In her most intimate works, 30-centimeter square wall mounted pieces, each work appears to capture an actual instance of light filtered through the surface of water as the phenomenon might be observed from below. Reflective of her lifelong fascination with this interplay, these works, in which the artist accomplishes her most direct language, speak to the possibilities of contemplating a fleeting moment with great depth and nuance, or as she states, “touch[ ] on the mysterious, the place beyond which the eye cannot go.” This is likely the best description of her oeuvre. Just as she avoids titling her work so as not to lead the viewer to any preformulated conclusions, Pashgian has chosen a subject as universal, emotive, and fleeting as light in order to frame the world as predicated on perception and illusion—unknown but discoverable. Ultimately, her work invites us to follow our natural inclination to look closely and urges us to keep looking further.
About the artist
Helen Pashgian (b. 1934, Pasadena, CA; lives and works in Pasadena, CA) received her BA from Pomona College, Claremont, CA in 1956 and MA from Boston University, Boston, MA in 1958, and also attended Columbia University, New York, NY 1956-57. Solo exhibitions of her work have been organized at Los Angeles County Museum of Art, Los Angeles (2014); Pomona College Museum of Art, Claremont, CA (2010); and Palm Springs Art Museum, Palm Springs, CA (2007). Select group exhibitions featuring her work include Pacific Standard Time: Crosscurrents in L.A. Painting and Sculpture, 1950-1970, J. Paul Getty Museum, Los Angeles (2011), travelled to Museum of Contemporary Art San Diego, CA (2011) and Martin Gropius Bau, Berlin, Germany (2012); Translucence: Southern California Art From the 1960s and 1970s, Norton Simon Museum, Pasadena, CA (2006); The Senses: Selections from the Permanent Collection, Pomona College Museum of Art, Claremont, CA (2006); and Inaugural Exhibition, Pasadena Museum of California Art, Pasadena, CA (2002).
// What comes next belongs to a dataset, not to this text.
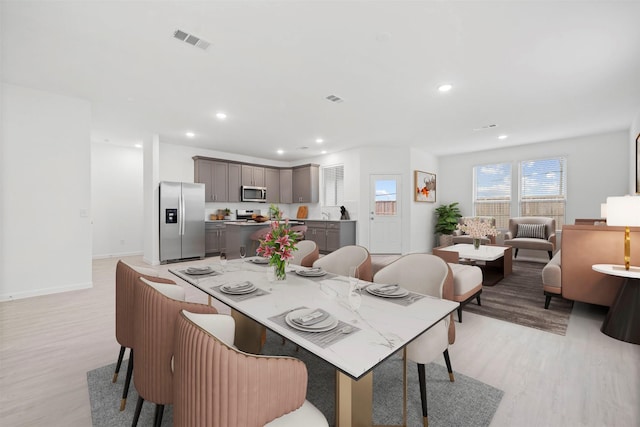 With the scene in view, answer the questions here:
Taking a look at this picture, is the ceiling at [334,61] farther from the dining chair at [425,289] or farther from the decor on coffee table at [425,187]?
the decor on coffee table at [425,187]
Her work can be found in numerous public and private collections internationally, including Norton Simon Museum, Pasadena, CA; Palm Springs Art Museum, Palm Springs, CA; Pomona College Museum of Art, Claremont, CA; Portland Art Museum, Portland, OR; Santa Barbara Museum of Art, Santa Barbara, CA; Los Angeles County Museum of Art, Los Angeles, CA; and Museum of Contemporary Art, San Diego, CA.